We next plot the boundary of Chicago just as we did before,

In [17]:
Elevated.multi_line('x', 
                    'y', 
                    source=Chi_Source, 
                    color="black", 
                    line_width=2)
Out[17]:
GlyphRenderer(
id = '67a1f455-d2f6-4ede-82a8-34eaac45e243', …)

And plot the L stations using the circle() function. This adds a circle over all the longitudes and latitudes of the stations as well as passing the name and line information to the plotting routine as well.

In [18]:
Elevated.circle('x', 
                'y', 
                source=L_Source, 
                size=4)
Out[18]:
GlyphRenderer(
id = 'f31fdfe8-acb0-4a34-974c-02a0c126bb7f', …)

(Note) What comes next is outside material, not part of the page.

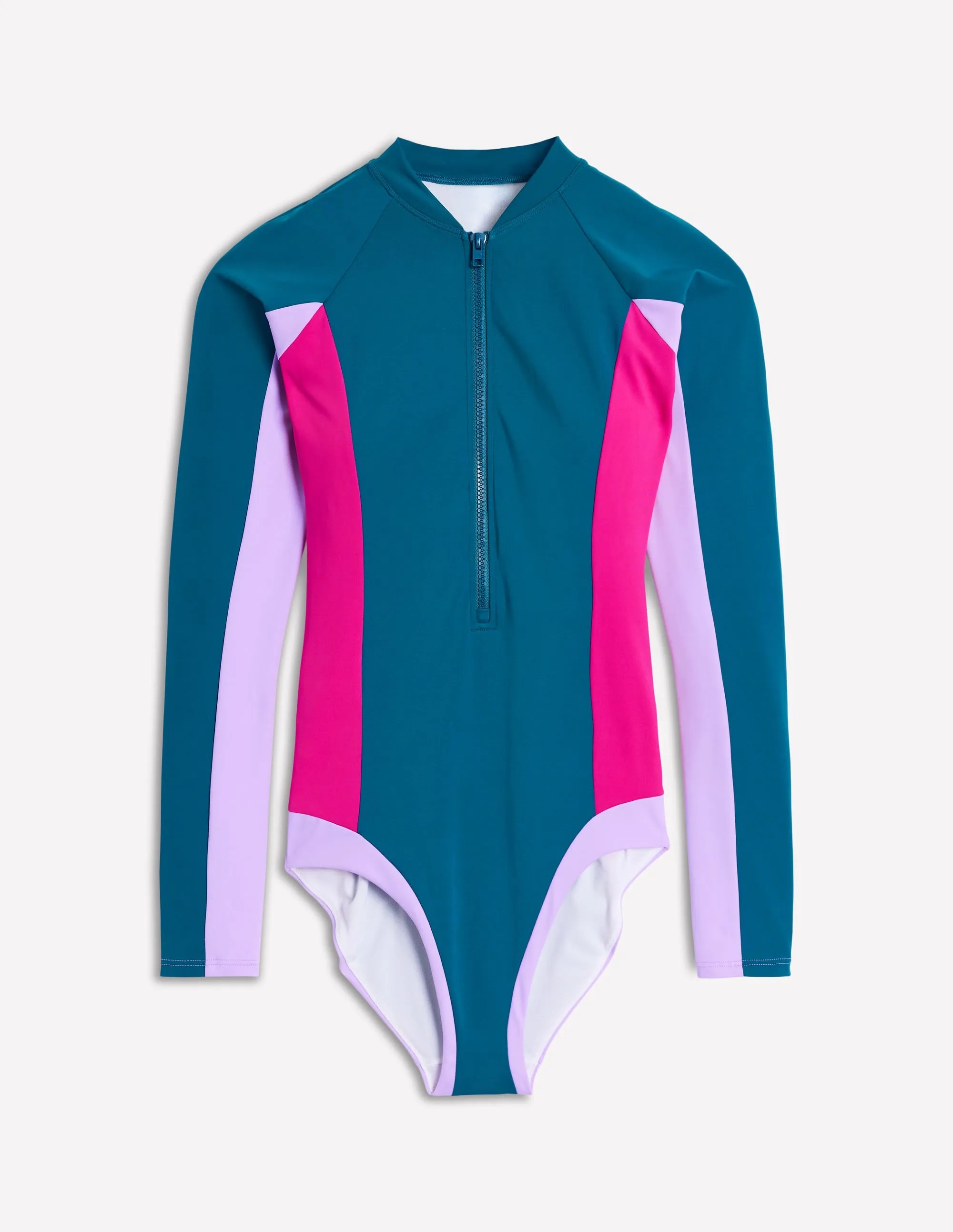 Sporty Raglan Sleeve Swimsuit-Oceanside Blue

Here is where we add the interactive component to our visualization. We add the hover tool to our figure and set the "policy" for this hover tool to be that it follows the mouse. We do this through the command,

In [19]:
hover = Elevated.select_one(HoverTool)
hover.point_policy = "follow_mouse"

Now we set the information to be displayed when one hovers over a "L" station by setting the tooltips to be an array of the information to be displayed:

In [20]:
hover.tooltips = [
        ("Name", "@name"),
        ("Line.", "@line"),
        ("(Long, Lat)", "($x, $y)"),
        ]

Notice how each entry in the array is a tupple with the first component being the name of the variable and the second component being the variable value. We can now plot the interactive plot using the show() command:

In [21]:
show(Elevated)

We can see that hovering over some stations produces multiple pop-ups. This is because the geojson file, cta_entrances.geojson, contains the entrances for each "L" stations and some stations have multiple entrances. You can observe this by zooming in on a station with multiple values in the pop-up and see the distinct entrances more clearly.

Conclusion


Bokeh is a powerful high performance Python visualization library that makes D3-like interactive web plotting easy. In this blogpost we went over how to make simple interactive plot using GeoPandas and Bokeh using the Chicago "L" station data as our example. There is definitely much more you can do with Bokeh, but that will have to wait for another day. I'll be updating this to add more cool features, so check back in the future!